Delayering with lasers to conduct 3D volumetric imaging, however, faces a fundamental challenge. In conventional 3D volumetric imaging, it is assumed that the exposed layer of the sample, at each step, has a flat topography, an assumption that is used when reconstructing the 3D image by stacking the 2D layers. Nevertheless, due to the differences in the laser ablation rate of different materials, achieving flat cuts, which are the basis of acquiring tomographic images in the conventional approach, faces challenges. Differences in the interaction of the laser beam with different chemical compositions in a multi-material sample may lead to a drastically different depth of cut across different regions of the sample. Such an effect can drastically distort the final 3D image, as schematically depicted in Fig. 1. Further, even having access to and applying a priori knowledge about the material composition distribution across the sample of interest cannot fully address the layer non-flatness issue.

Figure 1
figure 1

The challenge of stacking 2D images for obtaining a 3D image: due to nonplanarity of the 2D layers, the resulting 3D image will be distorted.

In this work, we propose to leverage confocal microscopy to address the challenges of obtaining flat layers. In fact, for obtaining the final 3D image, instead of relying on images of 2D layers that may be non-flat, this method will integrate the confocal microscopy to acquire a height map of the exposed layer of the sample, in addition to its optical image, at each step throughout the process and will apply that in the 3D image reconstruction. The height map will also be used for planning the follow-up lasering steps. That is, regions that have been cut deeper than a certain threshold will be excluded from the upcoming lasering step, in an effort, so-called masking, to maintain the height variation across the region of interest within a set limit. A benefit of doing so is to ensure that the confocal images of the exposed layers can capture the entire region of interest.

Another major challenge of using lasers is the redeposition of laser-ablated material19 onto the machined surface which could significantly impact the final 3D image quality.
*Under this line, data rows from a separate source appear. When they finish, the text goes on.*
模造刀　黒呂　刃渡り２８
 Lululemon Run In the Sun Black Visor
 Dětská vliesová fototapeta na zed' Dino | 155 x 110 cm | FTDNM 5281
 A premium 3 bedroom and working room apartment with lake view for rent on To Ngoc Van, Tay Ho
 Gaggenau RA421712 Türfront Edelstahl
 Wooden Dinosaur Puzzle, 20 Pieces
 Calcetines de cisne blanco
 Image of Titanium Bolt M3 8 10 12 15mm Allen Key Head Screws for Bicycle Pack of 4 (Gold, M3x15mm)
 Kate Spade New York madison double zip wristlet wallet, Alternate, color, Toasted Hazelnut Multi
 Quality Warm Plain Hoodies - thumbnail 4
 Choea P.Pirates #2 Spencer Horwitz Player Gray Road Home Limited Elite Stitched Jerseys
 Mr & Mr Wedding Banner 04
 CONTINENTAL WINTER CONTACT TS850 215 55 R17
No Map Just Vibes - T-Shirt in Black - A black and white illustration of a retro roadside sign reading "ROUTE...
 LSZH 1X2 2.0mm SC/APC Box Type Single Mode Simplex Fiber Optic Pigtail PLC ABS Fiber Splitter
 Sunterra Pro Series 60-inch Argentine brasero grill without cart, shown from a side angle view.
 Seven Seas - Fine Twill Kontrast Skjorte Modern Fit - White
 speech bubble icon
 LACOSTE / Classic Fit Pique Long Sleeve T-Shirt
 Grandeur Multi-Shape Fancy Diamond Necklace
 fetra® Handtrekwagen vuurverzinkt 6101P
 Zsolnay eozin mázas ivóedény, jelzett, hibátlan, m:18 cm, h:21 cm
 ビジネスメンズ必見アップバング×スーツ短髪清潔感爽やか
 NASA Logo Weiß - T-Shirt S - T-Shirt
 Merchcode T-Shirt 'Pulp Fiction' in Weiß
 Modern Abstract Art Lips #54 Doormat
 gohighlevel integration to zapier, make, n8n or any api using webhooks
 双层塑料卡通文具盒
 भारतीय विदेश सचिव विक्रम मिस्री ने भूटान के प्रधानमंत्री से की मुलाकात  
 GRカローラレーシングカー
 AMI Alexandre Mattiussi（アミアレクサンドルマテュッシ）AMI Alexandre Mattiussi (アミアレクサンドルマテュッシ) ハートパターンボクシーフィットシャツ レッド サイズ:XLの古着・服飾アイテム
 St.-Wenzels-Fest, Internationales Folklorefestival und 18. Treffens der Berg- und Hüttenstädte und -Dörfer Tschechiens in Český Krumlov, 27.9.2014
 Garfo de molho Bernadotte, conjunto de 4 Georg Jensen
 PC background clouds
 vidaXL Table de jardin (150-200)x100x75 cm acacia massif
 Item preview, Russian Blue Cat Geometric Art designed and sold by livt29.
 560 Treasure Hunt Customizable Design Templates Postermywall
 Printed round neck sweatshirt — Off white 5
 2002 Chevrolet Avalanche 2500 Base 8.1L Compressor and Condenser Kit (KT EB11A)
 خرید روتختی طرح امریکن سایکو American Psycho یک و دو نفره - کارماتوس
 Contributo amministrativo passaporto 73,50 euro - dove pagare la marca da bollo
Although the use of air blow and vacuum suction can mitigate this, such methods are not 100% effective. In this work, we propose the use of targeted gas cleaning to address this issue.

A powerful byproduct of our method is automatic material characterization and 3D image segmentation. The proposed method uses the difference in the ablation rate of different materials when similar lasering parameters are practiced. Finally, the embedded computer vision algorithms ensure a fully automated process.

Materials and methods

Creating a 3D image from non-flat 2D images

For acquiring a 3D image of the sample, 3D points must be sampled from the volume of interest. Figure 1 demonstrates the main challenge associated with the conventional approach for acquiring the 3D image of a sample from the images of the exposed layers. A key assumption of the conventional approach, as mentioned earlier, is that the exposed layers are flat and thus the 3D information about each point can be obtained from the corresponding 2D image and knowledge of the layer thickness. However, if for any reason, the exposed layers deviate from being flat, the use of this approach will result in a distorted 3D image which will introduce difficulties and inaccuracies in the follow-up analysis efforts. In the proposed approach, instead of acquiring a 2D image of the exposed surface, we will acquire a 3D surface image by combining the optical image and the corresponding height map of the surface. In this work, such a height map is obtained by leveraging confocal microscopy. Figure 2a schematically demonstrates the proposed approach.

Figure 2
figure 2

(a) Proposed approach for sampling the volume of interest addresses the distortion issue of the resulting 3D image; (b) Laser cutting pattern is determined based on the height profile to maintain the height variation within a certain limit.

Workflow overview

The proposed method is based on conducting consecutive optical and confocal imaging and laser delayering repeats. In each repeat, first, an optical and confocal image of the sample is acquired. Based on the measured height at each region, it is decided whether that region must undergo lasering in that repeat. Then, the laser delayering at the required regions will be performed. The 3D volumetric image of the sample is constructed from the optical and confocal images obtained at the first step of each repeat (Fig. 2a, first row). At each point on the 2D \(xy\) plane, the pixel color from the optical image is combined with the height information of that point (in the \(z\) direction) obtained from the confocal height map, resulting in the compound image of the layer (Fig. 2a, second row). The compound image of the layer will be registered in a universal coordinate system and will be embedded in the 3D image (Fig. 2a, third row).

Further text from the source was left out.